* **PROBLEM REQUIREMENTS**
No pictures belong in the result; set down exactly the lines from the one containing "Sony PSP 2000 Ceramic White Console" through the final line of the listing, and nothing more.

DATASET RECORDS Block Start

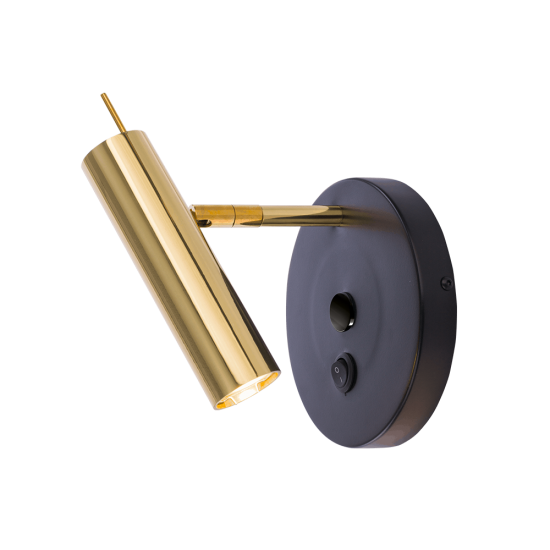 Aplica AMOS 8905(0173) Amplex, GU10, Negru, Polonia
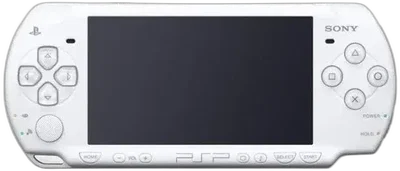 Sony PSP 2000 Ceramic White Console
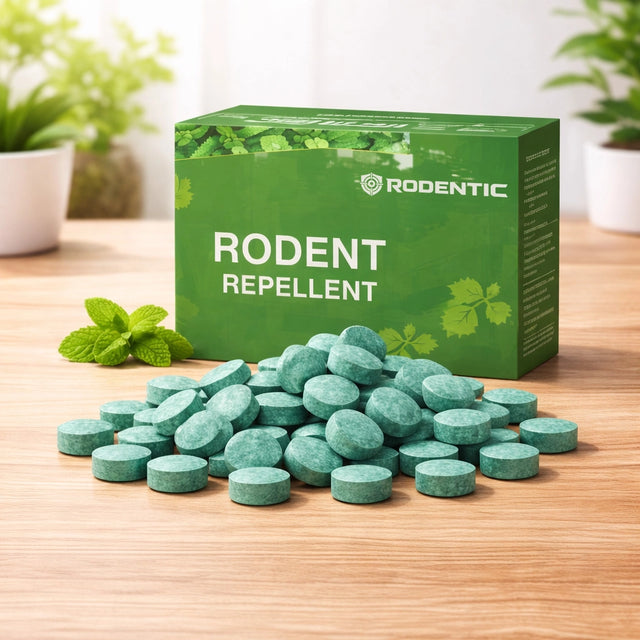 Pepermint Rodent Repellent Tabs
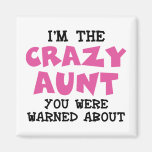 Crazy Aunt Magnets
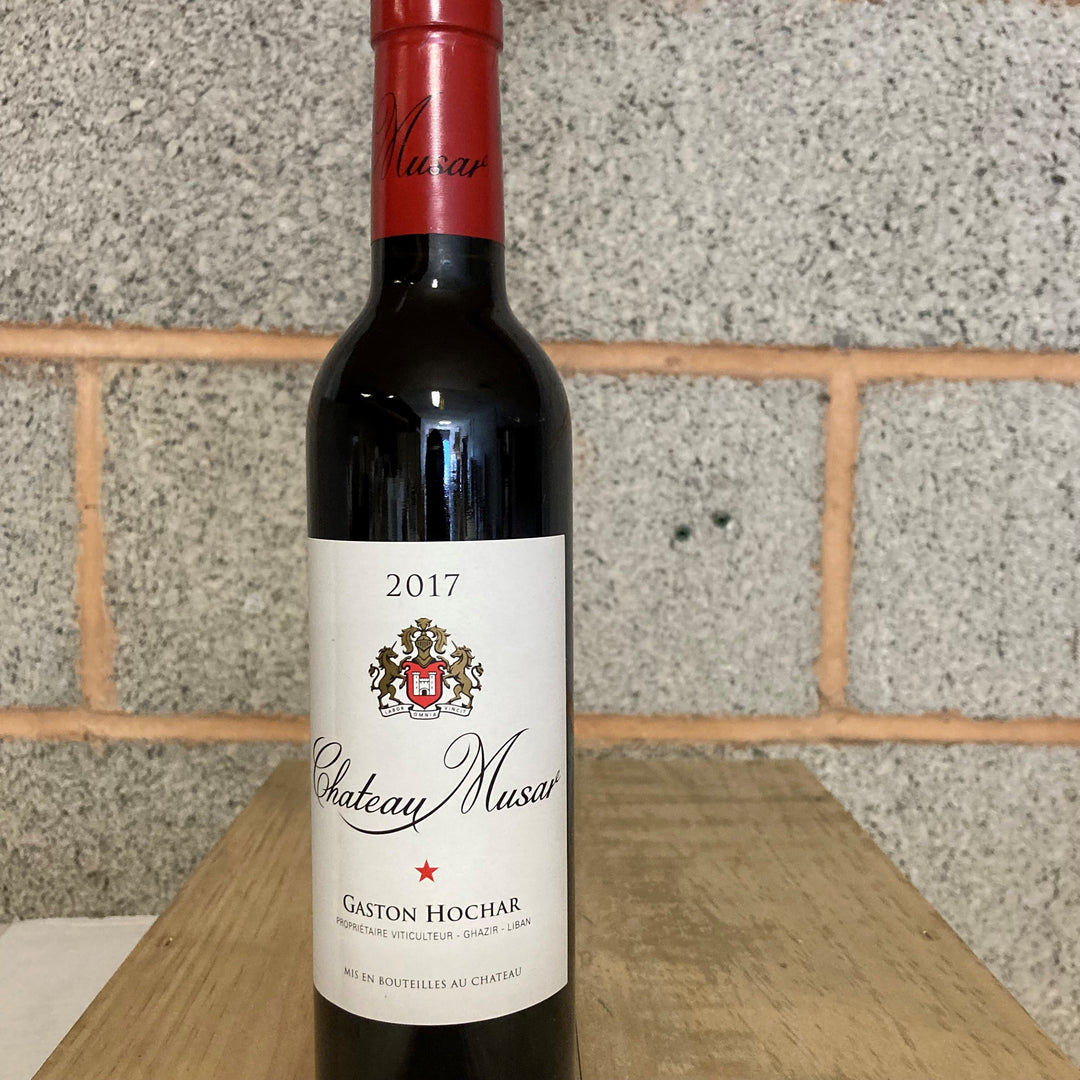 Half Bottle: Chateau Musar 2017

DATASET RECORDS Block End

* **FINISHED EXERCISE**
 Sony PSP 2000 Ceramic White Console
 Pepermint Rodent Repellent Tabs
 Crazy Aunt Magnets
 Half Bottle: Chateau Musar 2017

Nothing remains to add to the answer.